**** Materials provided ****
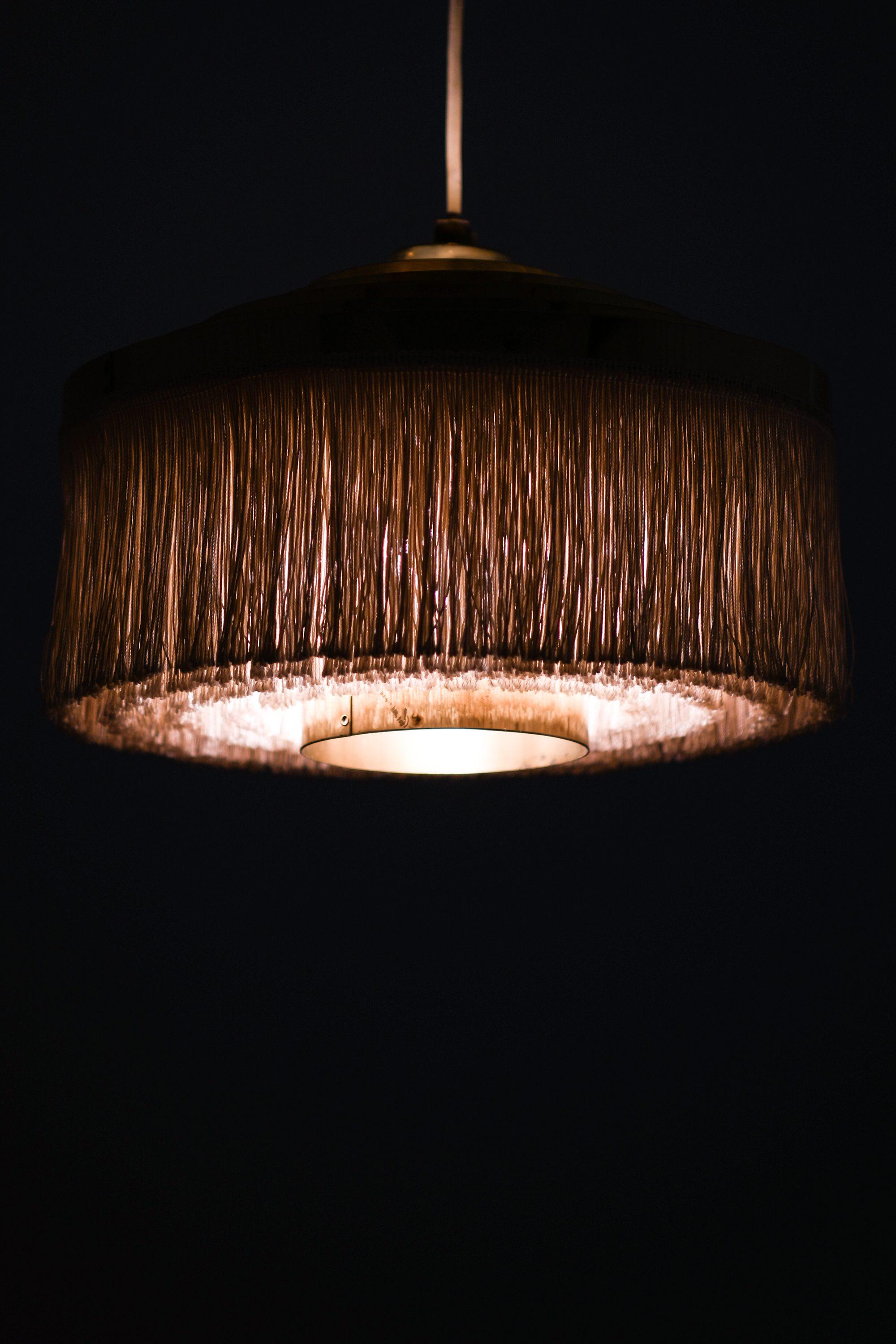 Swedish Ceiling Lamp in Brass and Silk Fringes by Hans-Agne Jakobsson, 1950's For Sale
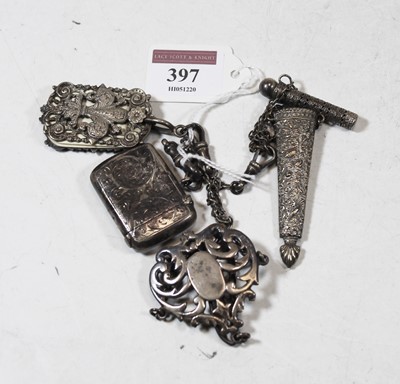 Lot 397 - An Edwardian silver chatelaine, having three...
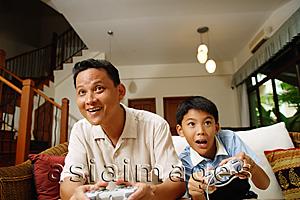 Asia Images Group - Father and son, sitting on sofa, playing with video games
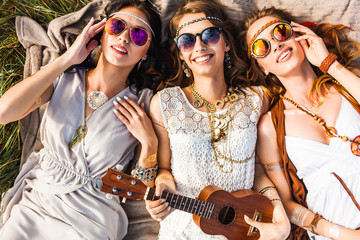 Three cute hippie girl lying on the plaid outdoors, best friends having fun and laughing, play ukulele, sunglasses, feathers in their hair, bracelets, flash tattoo, indie, Bohemia, boho style top view - obrazy, fototapety, plakaty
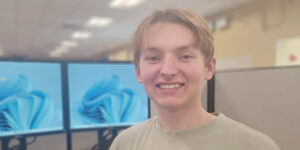 Paladin TSR Cade Malkin in front of a pair of computer monitors in his Paladin Support cubicle.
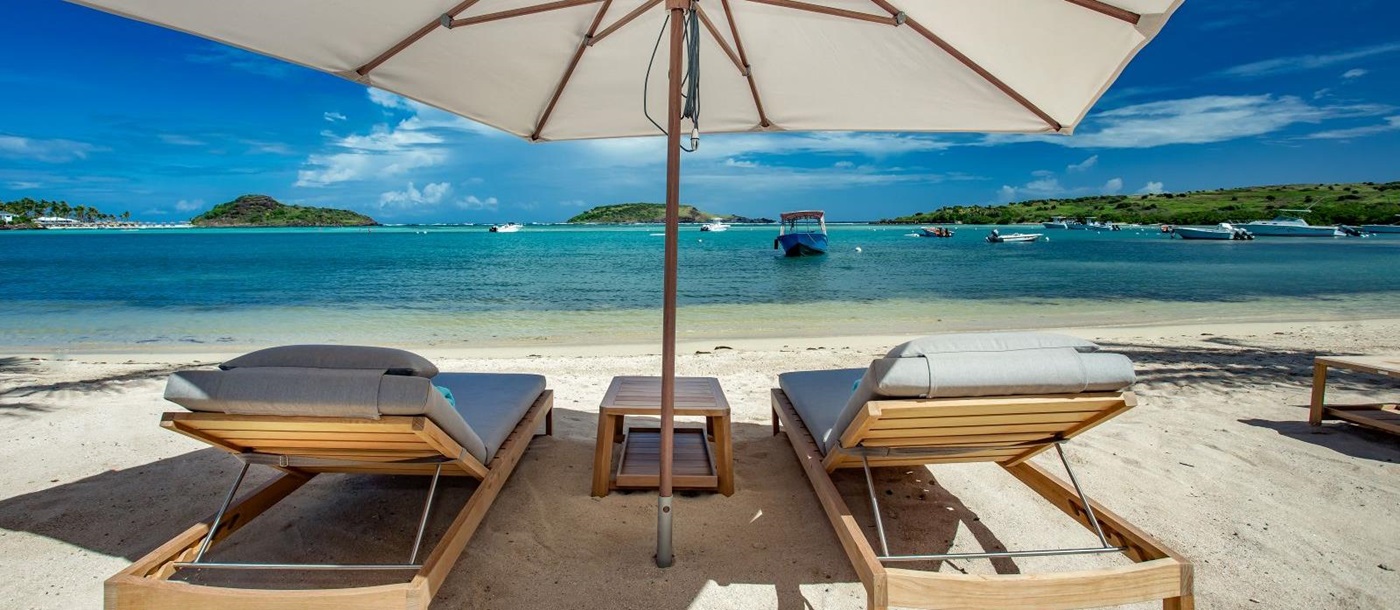 Two sun loungers under a sun umberella on the beach at Le Barthelemy Hotel & Spa in St Barths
****
## Exercise details
Set down all of the entries precisely and keep the pictures out of the copy.

## The answer
 Swedish Ceiling Lamp in Brass and Silk Fringes by Hans-Agne Jakobsson, 1950's For Sale
 Lot 397 - An Edwardian silver chatelaine, having three...
 Asia Images Group - Father and son, sitting on sofa, playing with video games
 Three cute hippie girl lying on the plaid outdoors, best friends having fun and laughing, play ukulele, sunglasses, feathers in their hair, bracelets, flash tattoo, indie, Bohemia, boho style top view - obrazy, fototapety, plakaty
 Paladin TSR Cade Malkin in front of a pair of computer monitors in his Paladin Support cubicle.
 Two sun loungers under a sun umberella on the beach at Le Barthelemy Hotel & Spa in St Barths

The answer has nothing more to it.